Shelf is an app for MacOS that looks at the current foreground application, and tries to figure out if what you’re looking at corresponds to a person in your Address Book. Then it’ll tell you things about them.

Using Shelf

Just run it. It’ll sit in the background, and watch the foreground application. If it can tie something you’re looking at (the current url in your web browser, for instance, or the target of an open chat) to a person in your Address Book, it’ll open a window and show you their name and picture, and it’ll try to fetch RSS feeds for any URLs in their address card.

It’s possible that you don’t have a very deep address book (most people just have email addresses, the URL field is hidden by default in Address Book.app). If you want a demo, just download my VCard file and import it. Then when you look at this page Shelf should figure out that you’re looking at me, and show you my recent Flickr photos, blog entries, etc.

Getting Shelf

Download shelf by clicking the icon to the right there. Once installed, Shelf will update itself when there’s a new version available. It requires MacOS 10.5 ‘Leopard’ (there are no plans for a 10.4 version, sorry) and is a Universal Binary.

Shelf’s source code is available in GitHub if you’re a developer.

Other references

Context

Shelf can derive context from the following applications:

  • Safari - looking at the foreground url, and for microformats in the source of the current page.
  • Firefox / Camino / Opera - looking at the foreground url. No microformat inspection here, alas.
  • Mail.app - From the email address of the sender of the currently selected email.
  • NetNewsWire - From the homepage url of the currently selected feed item, the feed url, and microformats in the HTML source of the feed entry.
  • Twitterrific - From the homepage or twitter page urls of the currently selected tweet.
  • Adium - From the IM username of the current conversation.
  • iChat - From the IM username of the current conversation.
  • Address Book - The currently selected person.

Adding new data sources is very easy.

Information

Shelf displays things about the foreground person, assuming it can find one.

  • Basic address book data - name, email address, real-world address, web pages.
  • Current Twitter status.
  • Current location and time according to Dopplr.
  • Last 4 Flickr photos.
  • Recent entries on their RSS feeds.
  • Recently-played last.fm tracks
  • Various other things

Shelf can only display these things about people if the URL to their homepage on the service is in their address book record. So for instance, to get Flickr photos visible for a person, put the ‘http://flickr.com/photos/{username}’ URL into their address book record. Likewise for Dopplr and Twitter homepages.

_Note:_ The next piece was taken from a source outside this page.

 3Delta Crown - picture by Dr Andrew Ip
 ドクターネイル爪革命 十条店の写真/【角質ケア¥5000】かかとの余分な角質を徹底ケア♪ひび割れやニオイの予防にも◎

If you’re willing to sacrifice a little privacy, Shelf can ask the Google Social API about the URLs that it sees, and this can make it a lot more intelligent - if the person you’re looking at has a homepage that participates in the open social graph Shelf will be able to find other pages about them and display context from them as well. But be aware that this will send URLs that you look at to Google. This may bother you. But don’t worry - it’s off by default.